Para Enrique Piñeyro el cine es cine, pero también es otra cosa: con sus películas, el cine recupera la posibilidad de ser, además, una herramienta al servicio de la Justicia. Sucedió con su única ficción, “Whisky Romeo Zulú”; con “Fuerza Aérea S.A”. y ahora sucede con este film. La trama narra la historia de Fernando Carrera, un hombre condenado deliberadamente por la corrupción policial a treinta años de cárcel, tras haber sido acribillado a balazos. El caso es grotesco; la manipulación de la ley y de los medios de comunicación, también.

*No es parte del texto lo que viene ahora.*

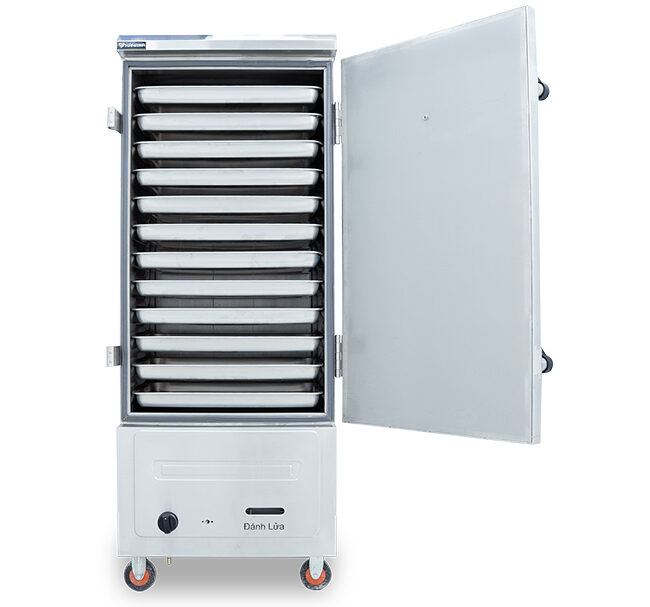 mua tủ hấp b&aacute;nh bao bằng gas 12 khay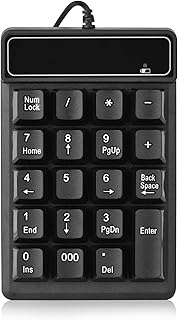 Agatige Mechanical Numeric Keypad, 19 Keys Number Pad Cable Length 1.5m / 5ft USB Wired Number Keypad Portable Keypad Extended Layout for Laptop Desktop PC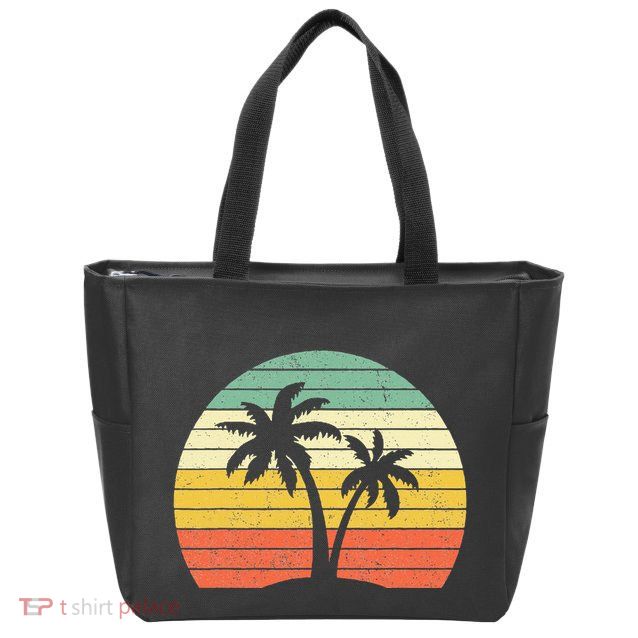 Palm Tree Retro Tropical Beach Zip Tote Bag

Pero resulta que el cine es, también, una manipulación y lo que hace Piñeyro es justo: con toda clase de mecanismos, con humor e ironía, con precisión explicativa, con un show personal que demuestra que es, además, un gran actor que sabe cómo capturar la mirada del espectador, el realizador desata la madeja corrupta y demuestra que se ha cometido una injusticia. Es decir: emplea el cine (puro cine, puro montaje para desmontar una evidencia falsa) para mostrar lo real. Si el film va mucho más allá del caso puntual, si puede trascender su época, es porque mantiene al espectador interesado y apasionado, porque lo ata a su relato y no lo suelta, como un buen thriller –que también lo es–. El cine, según Enrique Piñeyro, no deja de ser el gran entretenimiento y el gran arte que es: en lugar de restringirle esas funciones, le agrega el de una utilidad que va más allá de la mera coyuntura. Un ejercicio de inteligencia y pasión, tanto por el arte como por la justicia.